Agency overview
- Employees: 13,500

Jurisdictional structure
- Governing body: Sächsisches Staatsministerium des Innern
- General nature: Local civilian police;

Operational structure
- Headquarters: Dresden, Saxony

Website
- Official website

= Saxon State Police =

German state police force

Saxon State Police (German: Polizei Sachsen) is the state police of the German state of Saxony, Germany. It is subordinate to the Saxony State Interior Ministry.

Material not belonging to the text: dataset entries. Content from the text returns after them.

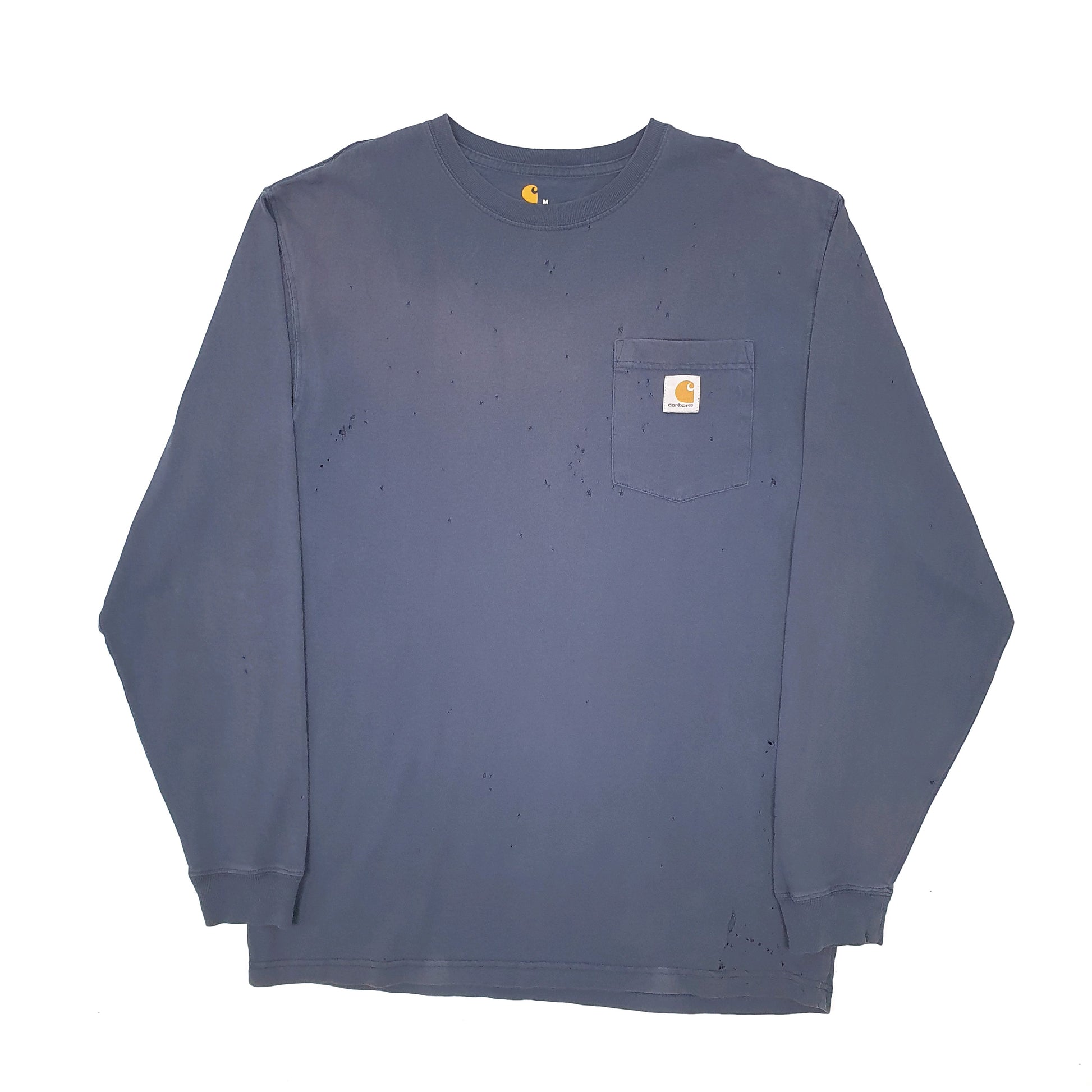 Mens Navy Carhartt  Long Sleeve T Shirt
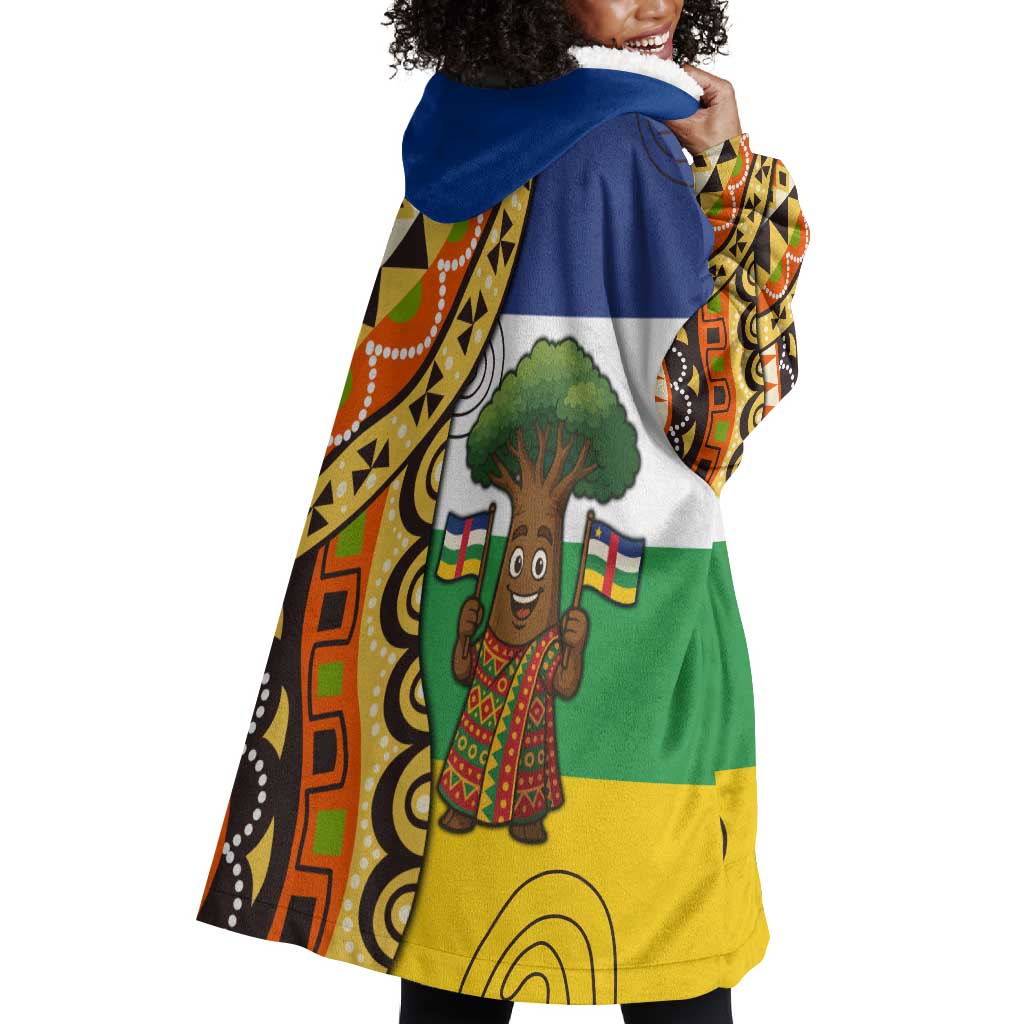 Central African Republic Wearable Blanket Hoodie Baobab and Flag - African Pride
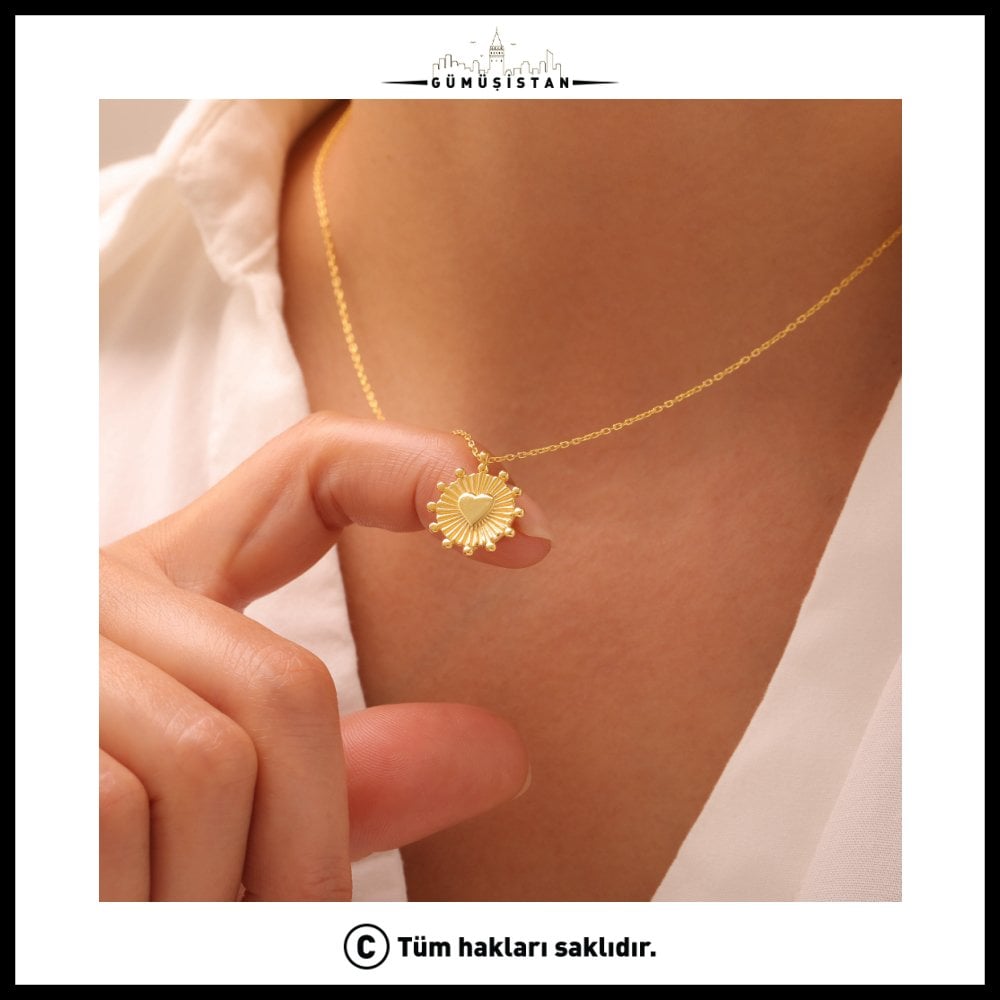 925 Ayar Gümüş Sembol Kalp Nazar Güneş Kolye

The Chief of State Police (Landespolizeipräsident) is Horst Kretzschmar and the political head is the Minister for the Interior in Saxony Roland Wöller (CDU).

== Organization ==
The head office is the Chief of State Police, Horst Kretschmar, in Dresden.

The University of Applied Police Science (Hochschule der Sächsischen Polizei) is the central institution for the education of police officers of State Police, located in Rothenburg and Bautzen.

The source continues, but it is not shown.